* Data for the task *
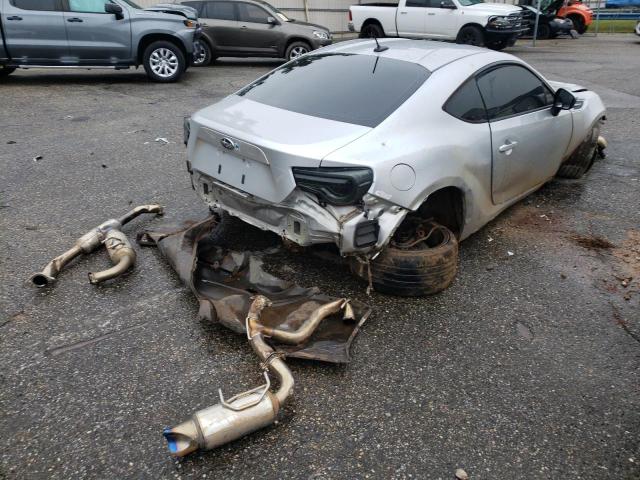 Photo 3 from auction – 2013 SUBARU BRZ 2.0 PR with VIN JF1ZCAB18D1608526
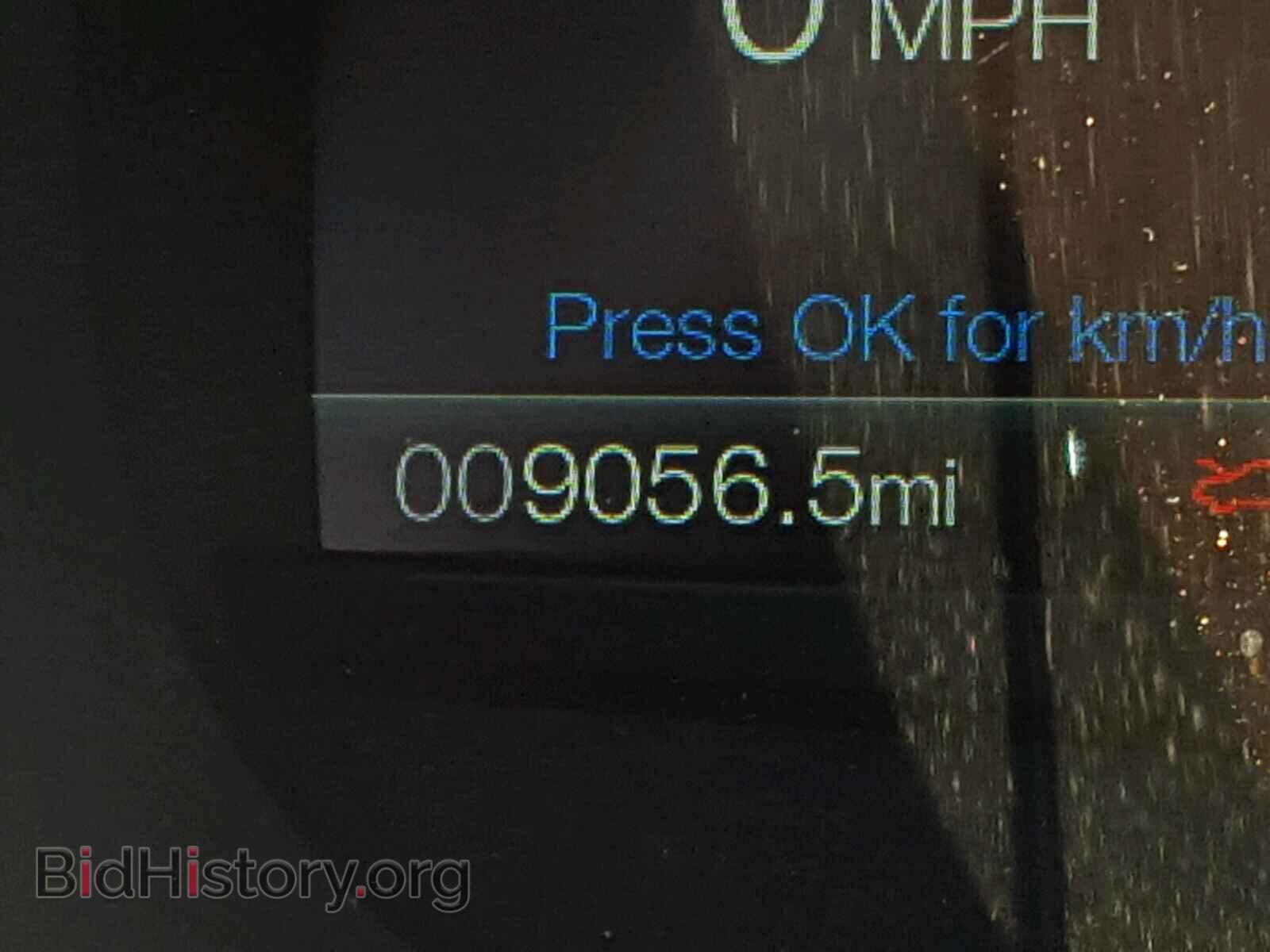 2016 FORD EDGE - VIN: 2FMPK4J84GBB52193 - Фото 8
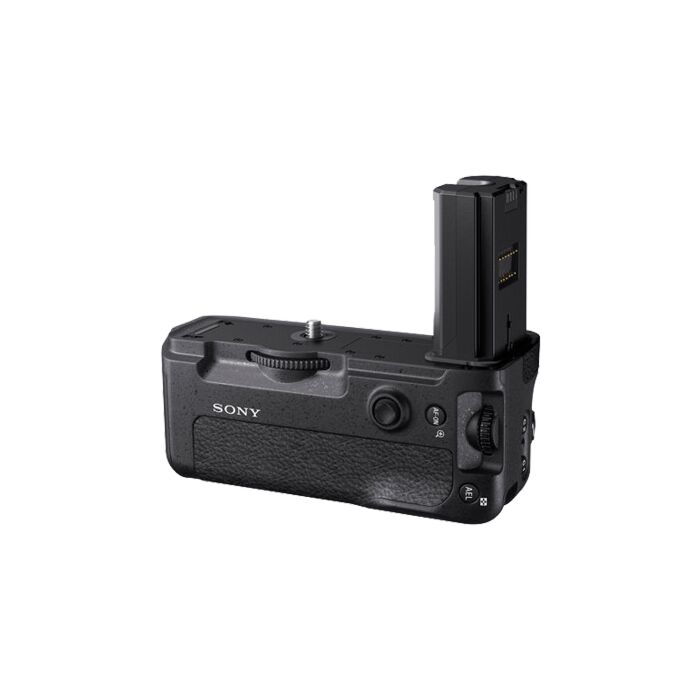Sony VG-C3EM Vertical Grip For a9, a7R III, a7 III by  in  - EC MALL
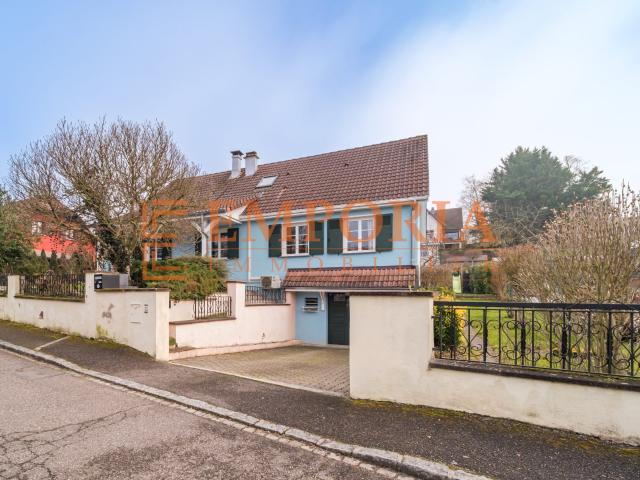 Maison vente à Altkirch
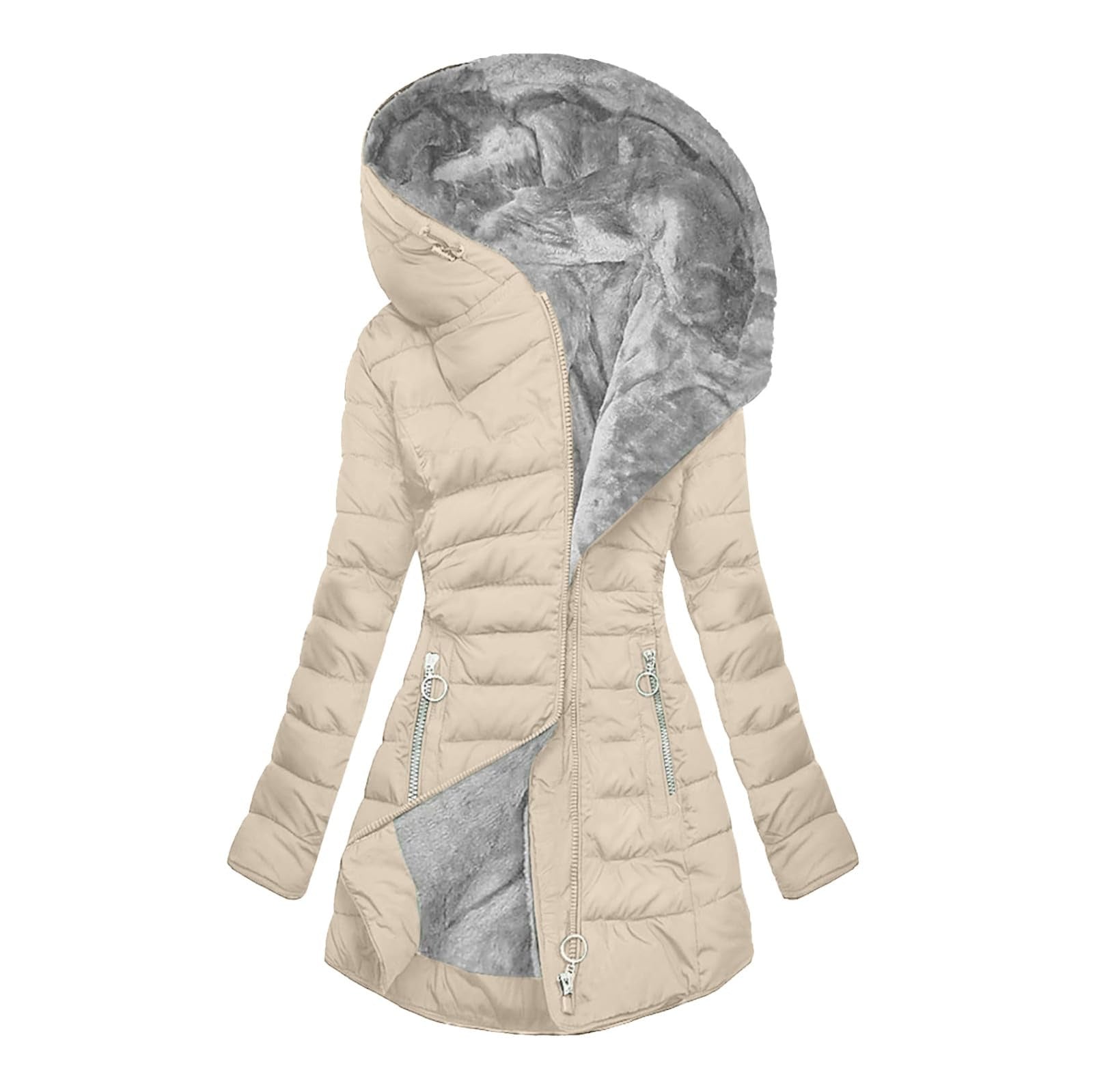 Annalise Winter Jacket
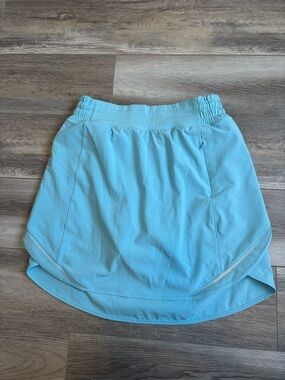 Lululemon skirt/skort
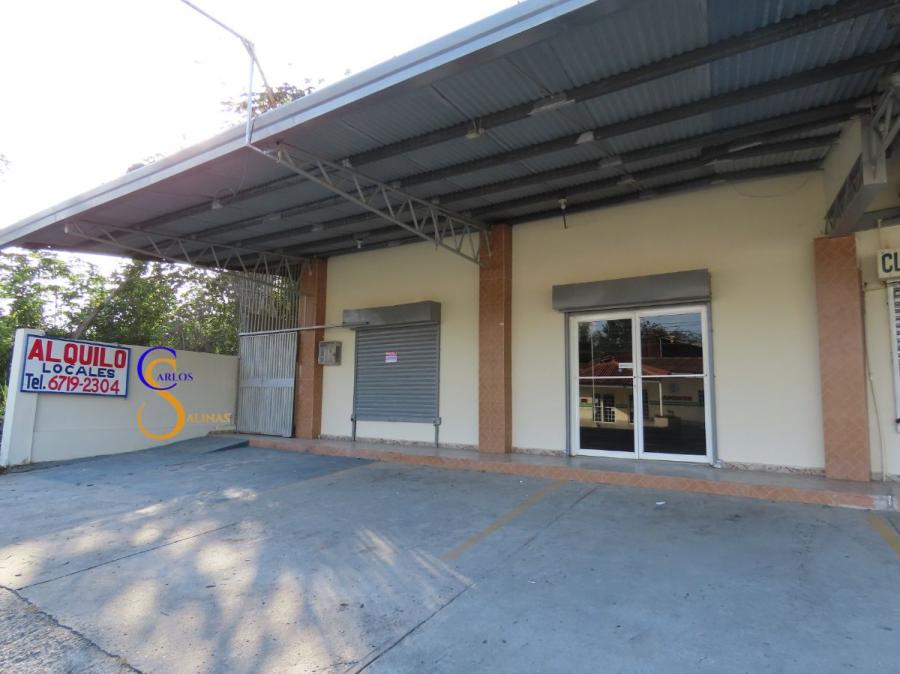 Foto Local en Alquiler en Residencial Villa Belén, Penonomé, Penonomé, Coclé - U$D 800 - LOA68862 - BienesOnLine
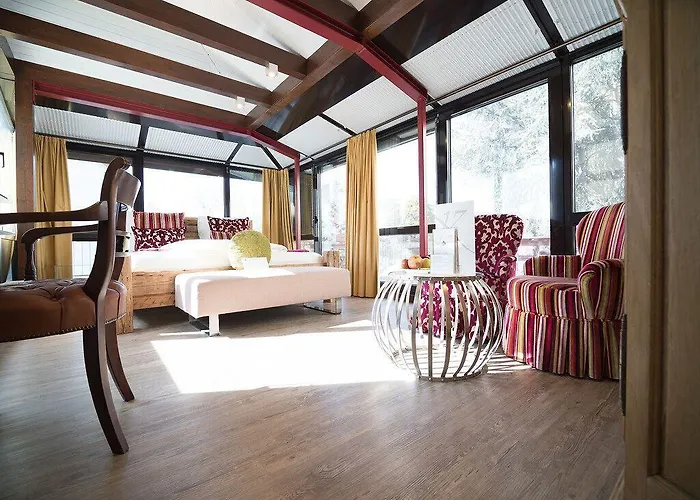 Restaurant Krehl's Linde 3* Štutgart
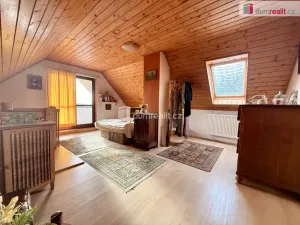 Prodej chalupy, Vřesovice, 180 m2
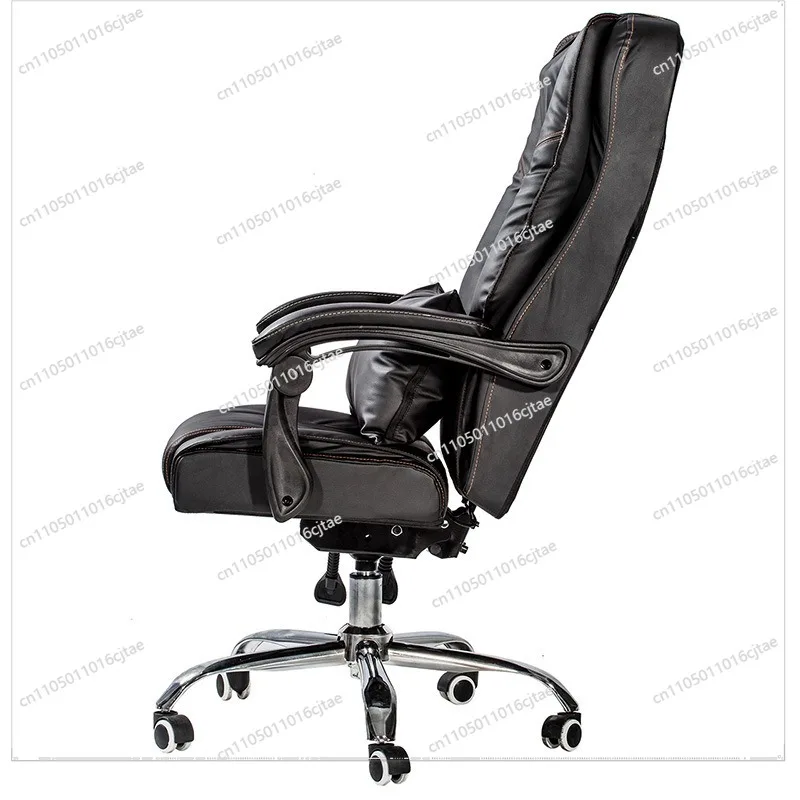 For Computer Chair Reclining Chair Lifting Swivel Chair Massage Ottoman Lunch Rest Seat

* Instructions to follow *
Restate word for word the lines starting at the one that contains "Maison vente à Altkirch" and ending at the last line of the data. Skip every picture.

* Exercise result *
 Maison vente à Altkirch
 Annalise Winter Jacket
 Lululemon skirt/skort
 Foto Local en Alquiler en Residencial Villa Belén, Penonomé, Penonomé, Coclé - U$D 800 - LOA68862 - BienesOnLine
 Restaurant Krehl's Linde 3* Štutgart
 Prodej chalupy, Vřesovice, 180 m2
 For Computer Chair Reclining Chair Lifting Swivel Chair Massage Ottoman Lunch Rest Seat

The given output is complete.